Another remarkable fact is that the eastern part of Skeidarársandur, north of Ingólfshöfdi, was inhabited from the time of the colonization of Iceland until the fourteenth century. Such habitation could not have been possible if glacier bursts of the magnitude of recent centuries had taken place. As will be seen from the photograph in Fig. 3, the whole marginal part of the sandur becomes flooded when these bursts occur. We know that the Icelandic glaciers were considerably smaller during the early settlement of Iceland than they have been during recent times. Only now are they beginning to shrink to their previous size. May not then the explanation of human habitation of the sandur be that the Skeidarárjökull in those days was not capable of damming any major quantity of water in Grimsvötn? In other words, I suggest that a similar situation existed then as in the 1940’s with small and frequent glacier bursts instead of large, devastating ones. It is also of interest that no visible volcanic eruptions were connected with the four most recent glacier bursts, whereas almost every glacier burst of the past centuries has been followed by volcanic eruptions.

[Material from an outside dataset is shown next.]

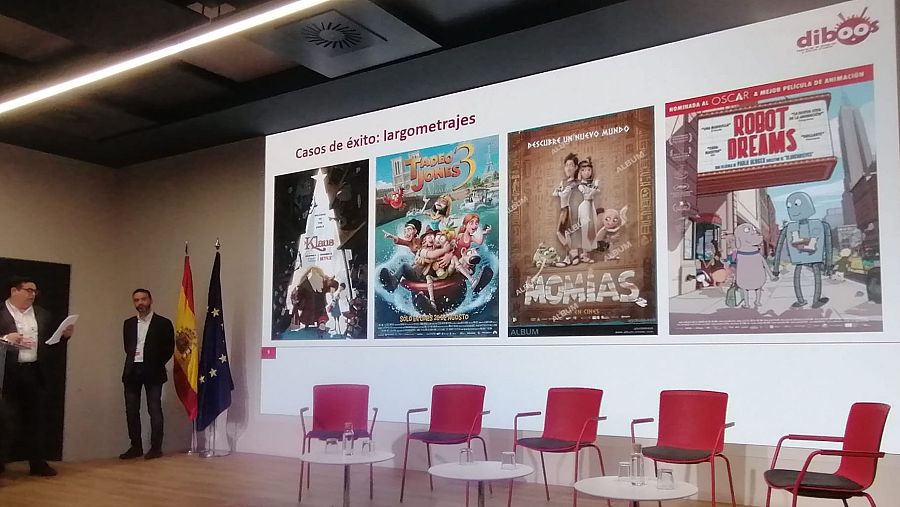 Presentación del Libro Blanco de la Animación 2024 en Madrid. Dos hombres en escenario, pantalla con pósters de películas animadas y mesa redonda preparada.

Volcanic eruptions have always been considered as primary and glacier bursts as secondary phenomena. But we have already established the fact that glacier bursts have taken place without any visible volcanic eruptions. We also know that the eruptions first become apparent when the glacier bursts are about to reach a maximum. It is therefore rather tempting to suggest that the glacier bursts are primary and that it is they that determine the moment of the eruptions and not vice versa. The great release in pressure caused by the emptying of the lake might be sufficient to start an eruption. The absence of eruptions in connection with the most recent bursts could perhaps be accounted for by the fact that these were so small that the consequent release in pressure was not great enough to cause an eruption. This, of course, does not rule out the probability that eruptions may again occur when the magmatic tension underneath the Grimsvötn has become sufficiently great.
From this it might be concluded that the change in behaviour of the Grirnsvötn in the 1940’s was one of the consequences of the climatic amelioration during the past few decades. This, of course, is only an hypothesis which may be disproved by the next glacier burst or eruption, nor am I able to tell if it can explain the behaviour of another subglacial volcano, the Katla volcano in Mÿrdalsjökull. Subglacial volcanism in Iceland is still an interesting problem with many unsolved aspects.